Девчонка снова пялилась во все глаза, слова ловила и, казалось, в самом деле каждое запоминала. Не замечала даже комарья, какое не мог разогнать ни дым костра, ни стылый холод скорой ночи. А Йотван уж не знал, от вшей чешется морда или же ее нагрызли эти твари.
Пока он зло, остервенело скреб лицо ногтями, девка сама себе кивнула и ответила так важно и серьезно, как умеют только дети:
— Я запомню. Все запомню. Обязательно.
Йотван невольно хохотнул.
— Ну вот тогда еще чего запомни, мелкая. В Книге о Четырех так говорится: Духи Запада покровительствуют земледелию, они — начало всех начал; Южные Духи, что не знают равных в силе и в войне, уберегут все взращенное; Духи Востока учат: путешествуя, найдешь недостающее; а Духи Севера взлелеют тех, чья сила в голове и в ремесле.
— Знаю! — Она заметно оживилась. — Знаю! Мы на плетень в честь них всегда вешали ленты. Зеленые по осени — для урожая. Синие зимой, чтоб дураков не народилось. Потом красные, чтобы погода была добрая А летом — желтые, чтоб всем хватило сил поля убрать!
Такой она была похожа на обычного ребенка — в Лиессе при приюте их таких вот — тьма. Йотван прищурился через костер, подумал против воли: ведь у него, быть может, дочь почти таких же лет. Если жива.

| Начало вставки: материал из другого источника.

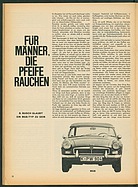 Testbericht: Für Männer, die Pfeife rauchen: MG MGB (auto motor und sport / Nr. 16 / 1963 - Seite 32)
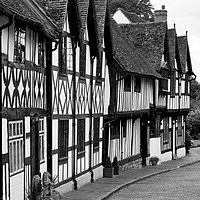 Buy canvas prints of Warwick Black and White House by Tony Bates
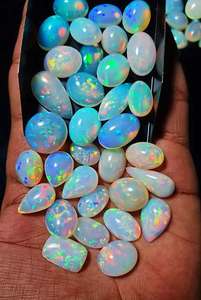 โอปอลเอธิโอเปียธรรมชาติทรงหลังเบี้ย - โอปอลเวโลหลากสี - อัญมณีคุณภาพสูงราคาขายส่ง - Product Image 4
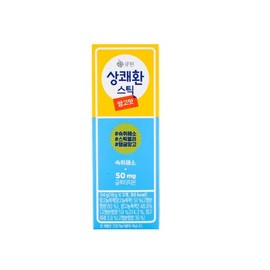 Sangkwaehwan 큐원 상쾌환 스틱 망고맛(18gx3개입) CQN Refreshing Stick Mango Flavor (18g x 3)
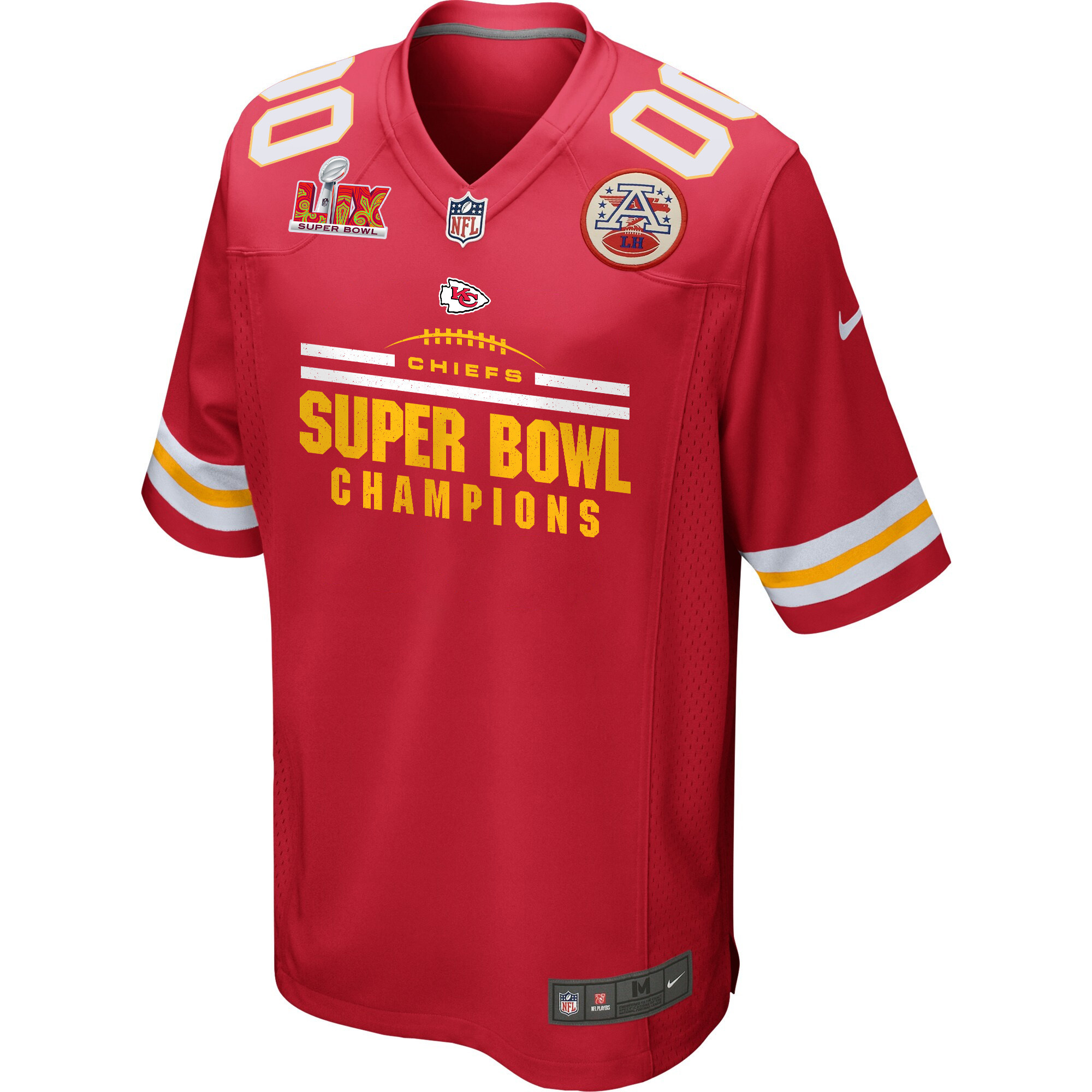 Kansas City Chiefs Super Bowl LIX Champions Ball Game Men Custom Jersey – Red - Image 2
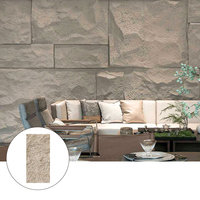 Pierre artificielle en polyuréthane, imitation pierre, légère, pour intérieur et extérieur, imperméable, matériau en forme de champignon, panneau mural en pierre 3D en PU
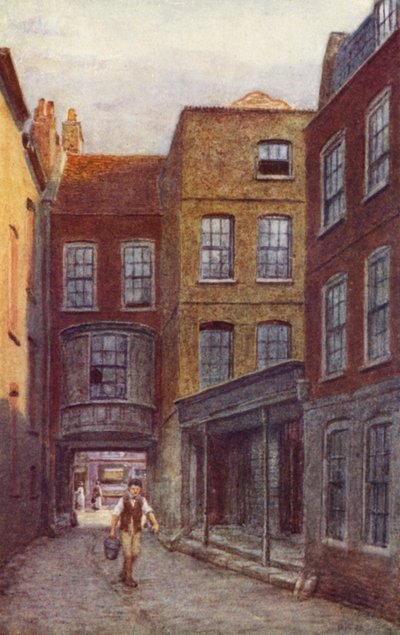 Tor und Eingang des White Horse Inn, Fetter Lane, 1898 von Philip Norman
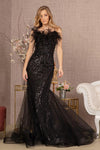 Prom Dresses Prom Long Spaghetti Strap Trumpet Gown Black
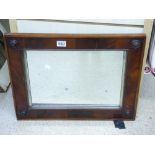 MAHOGANY FRAMED MIRROR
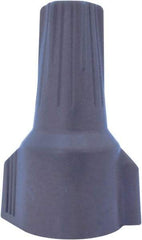 Ideal - 2, 14 to 2, 8 + 1, 10 AWG, 600 Volt, Weatherproof, Wing Twist on Wire Connector - Blue & Gray, 221°F - Apex Tool & Supply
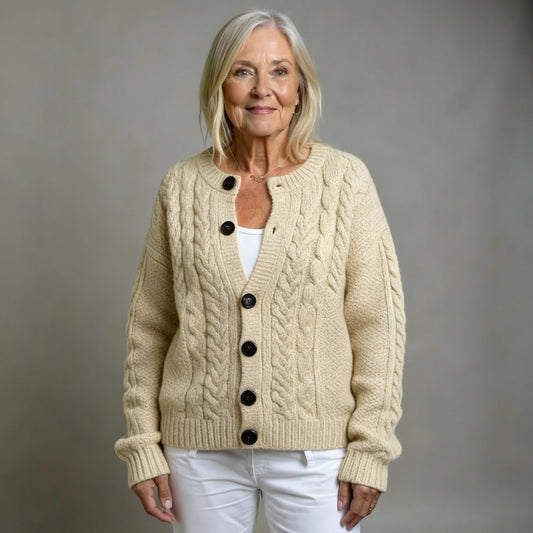 IL LORENZA | CARDIGAN A TRECCE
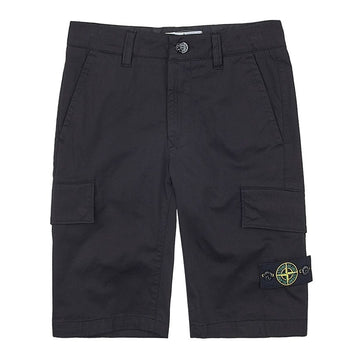 STONE ISLAND Jungen-Wappen-Logo-Shorts 7816L0711 V0029 72707902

И, может, и не зря Духи вели его назад живым.
Место ему не нравилось. Не нравились мостки и берег речки, явственно расчищенный, не нравился неумолкающий вороний крик. Птицы не затихали ни на миг, и вопли их вибрировали в воздухе, порой будто чуть отдалялись и почти что превращались в эхо, а в другой миг вдруг вспыхивали с новой силой, еще яростней, еще остервенелей. Сперва шум раздражал, но время шло, а птиц, казалось, собиралось только больше. Теперь их голоса противно отдавались в голове, и Йотван знал, что если уж стая так долго делит падаль, значит, дело — дрянь.
И все же у мостков они остановились. Девчонке, вымотанной быстрым шагом, надо было подышать, а время подошло к полудню — стоило перекусить.
Над лесом облака сложились в мраморный массив, против какого крик ворон звучал лишь заунывнее и горче, но здесь, над головой двух путников, небо осталось по-лиесски голубым и ясным; солнце грело. В его лучах рябь на реке блестела белизной.
— Чего они орут?..
Девчонка спрашивала больше у самой себя и неприязненно косилась на желтеющие кроны — за ними птиц не различить; лишь жуткий гвалт, поднятый ими, долетал. Мелкая нервничала.
Йотван умыл лицо, довольный тем, как ненадолго гаснет зуд, смытый осенним холодом воды, и тоже глянул в сторону, откуда летел крик.
Дыма над лесом не было, и стая не вилась. Значит, спустилась ниже и пирует.
Он предпочел бы обойти подальше и не лезть, только сказал бы кто, где обходить. Думал поторопиться и пойти быстрее, но, похоже, лишь приблизился. Уйти прочь от реки он опасался — не найдет потом, а ни моста, ни лодки в камышах, не отыскалось — только пара вздутых тел. Поэтому махнул рукой, решил остановиться и дать девке отдохнуть — если уж дальше надо будет убегать, то передышка пригодится. Пусть.